Le professeur Alessandro Regazzoni est veuf depuis de longues années. Il remplit tant bien que mal sa vie avec des activités associatives, mais il n’arrive toujours pas à complètement faire le deuil de sa femme Louise, décédée dans un accident de voiture cinq mois après la naissance de leur fille Irina.

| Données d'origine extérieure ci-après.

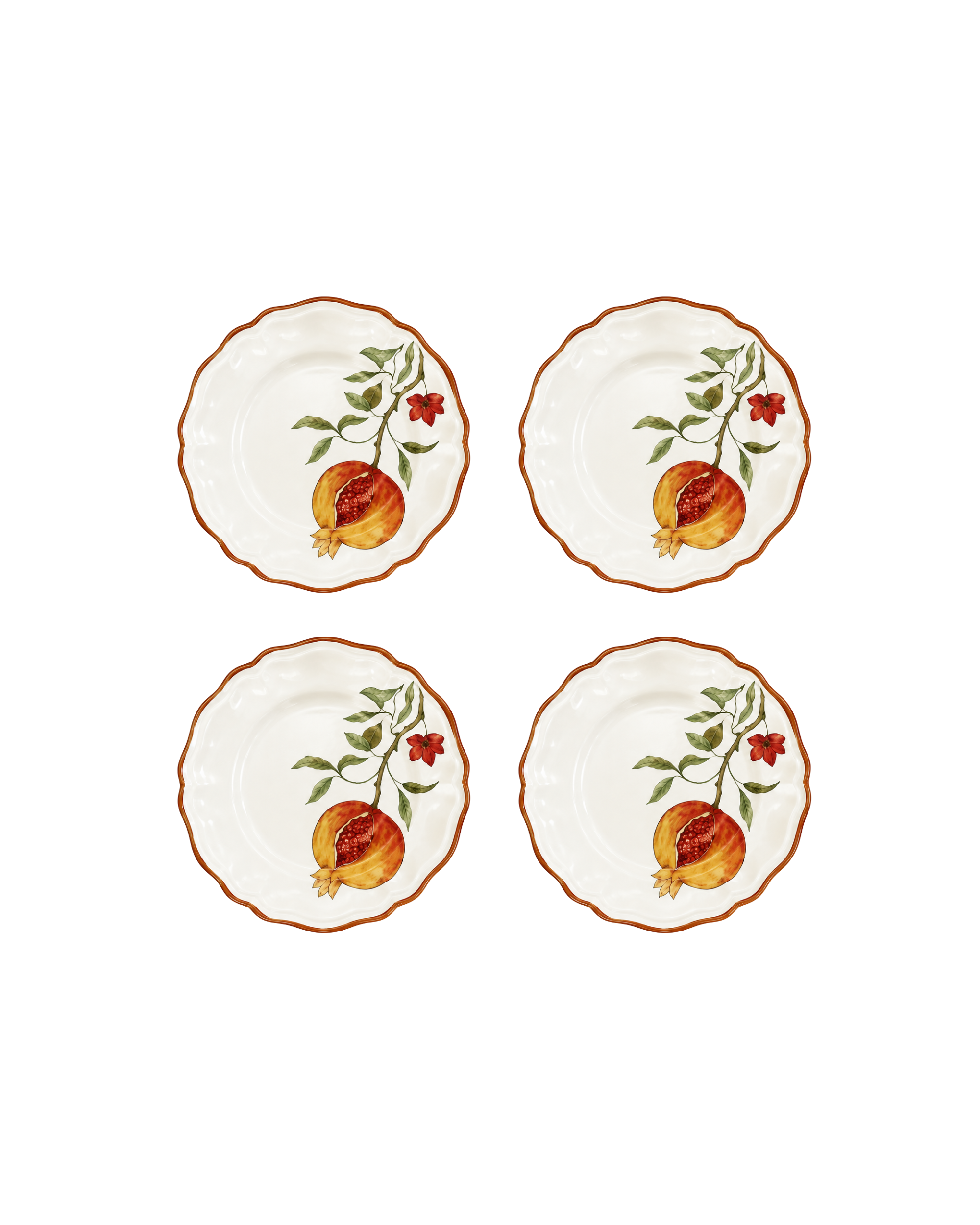 Dessertteller Granatapfelzweig Weiß, 4er Set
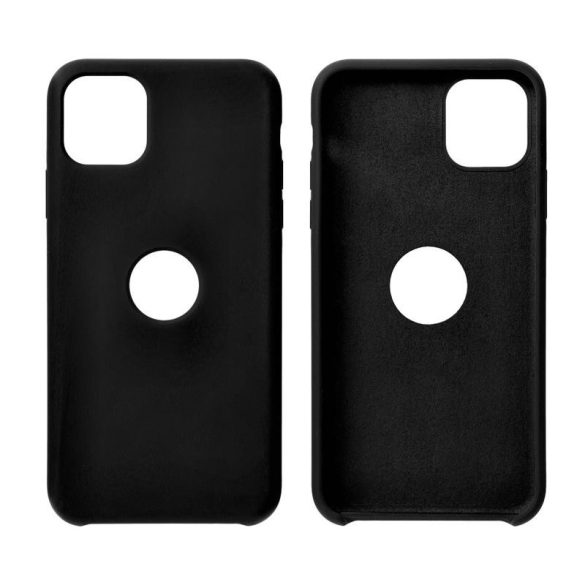 Husa din silicon pentru iPhone 12 Pro Max (6,7"), mata, interior din piele intoarsa, decupaj, neagra, silicon Forcell
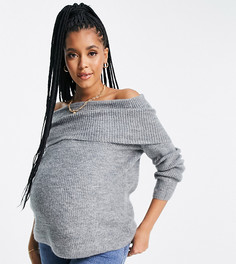 Серый меланжевый джемпер с открытыми плечами ASOS DESIGN Maternity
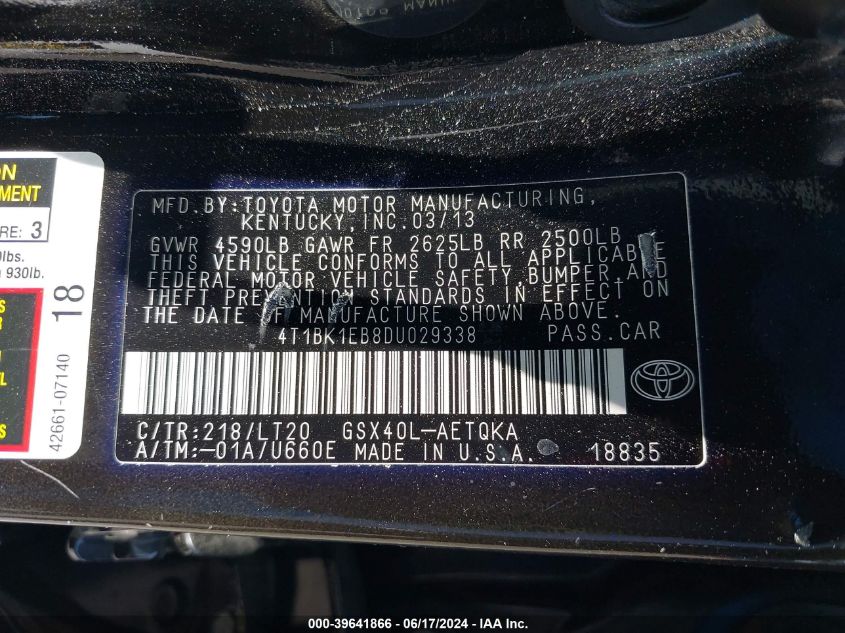 2013 Toyota Avalon Xle Touring VIN: 4T1BK1EB8DU029338 Lot: 39641866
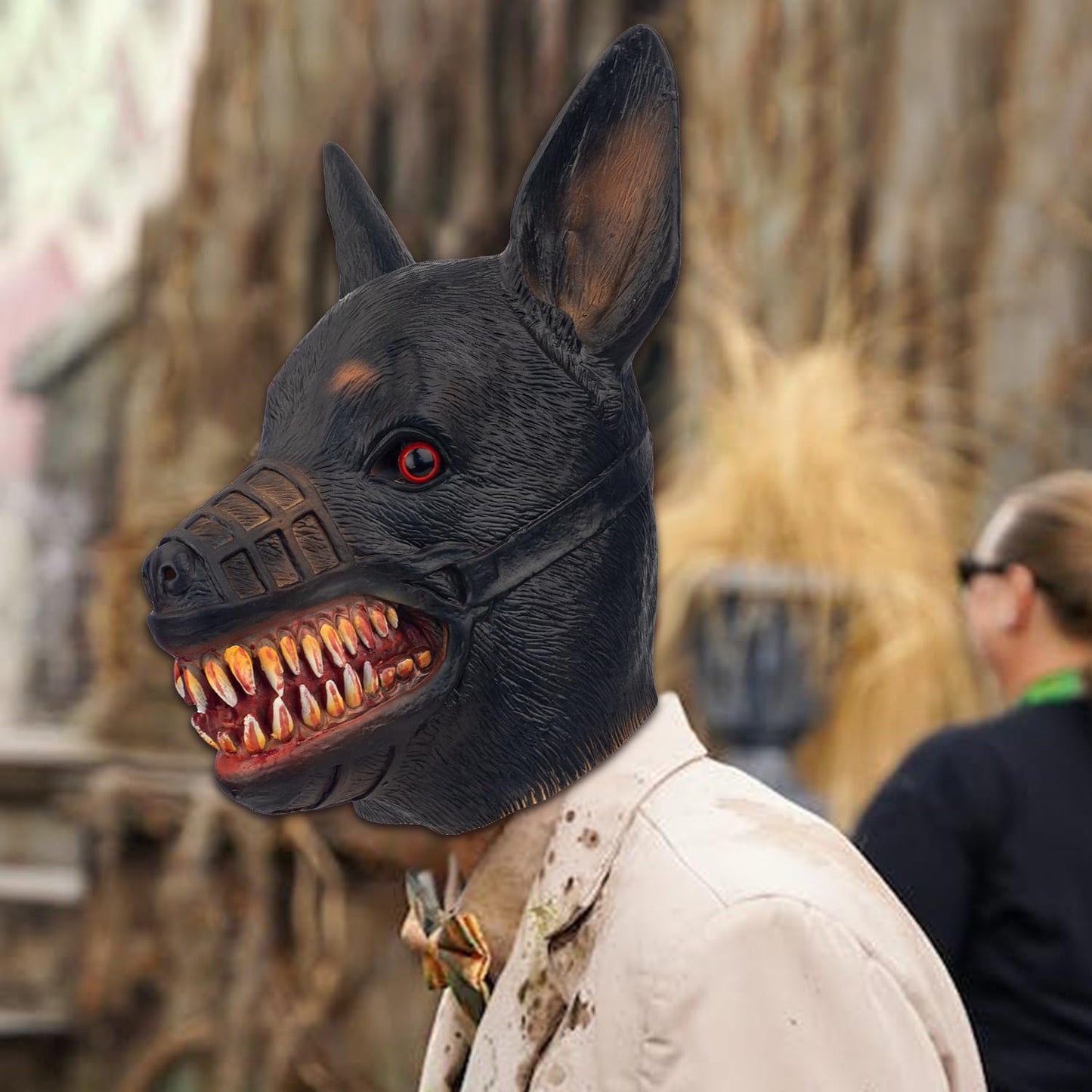 AQKILO Dog Mask Animal Latex Full Head Realistic Masks Fancy Dress for Halloween Carnival Costume Party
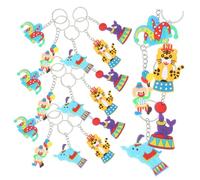 Healeved 20pcs Carnival Circus Theme Keychains Small Lightweight Cartoon Key Rings for Bag Decoration and Key Holder Unique Design Keychains for Women and Party Favors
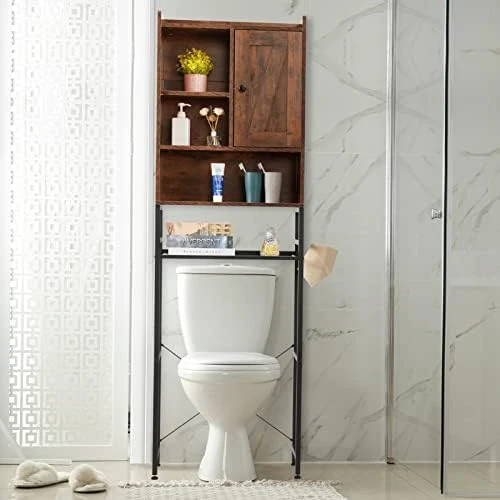 ALIMORDEN Over-The-Toilet Storage Rack, 3-Tier Bathroom Storage Organizer, Freestanding Space Saver With 2 Hooks For Paper Holder - Image 7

Celle-ci rentre désormais dans l’âge ingrat de l’adolescence et donne encore plus de fil à retordre à son père en manque d’amour.
Critique de Tootpadu
Commençons par la fin : cela n’est certes qu’un détail, mais comment prendre au sérieux un film, qui n’écorche pas seulement le nom d’un réalisateur aussi connu que Henry Hathaway, mais même celui de sa propre attachée de presse à la fin de son générique ? Cette petite touche de négligence finale est hélas assez symptomatique du deuxième film de Philippe Claudel, qui paraît pendant longtemps ne pas trop décidé quant à la direction qu’il souhaite prendre. Tandis que ses débuts derrière la caméra avec le très solide Il y a longtemps que je t’aime se dirigeaient imperturbablement vers une révélation finale sous forme d’aveux cathartiques, le scénario de ce film-ci ne poursuit aucun but clairement défini pendant un temps considérable. Il est du coup difficile de savoir par quel bout tenir Tous les soleils, dont les tentatives insistantes de nous familiariser avec ses personnages pittoresques portent à peine leurs fruits.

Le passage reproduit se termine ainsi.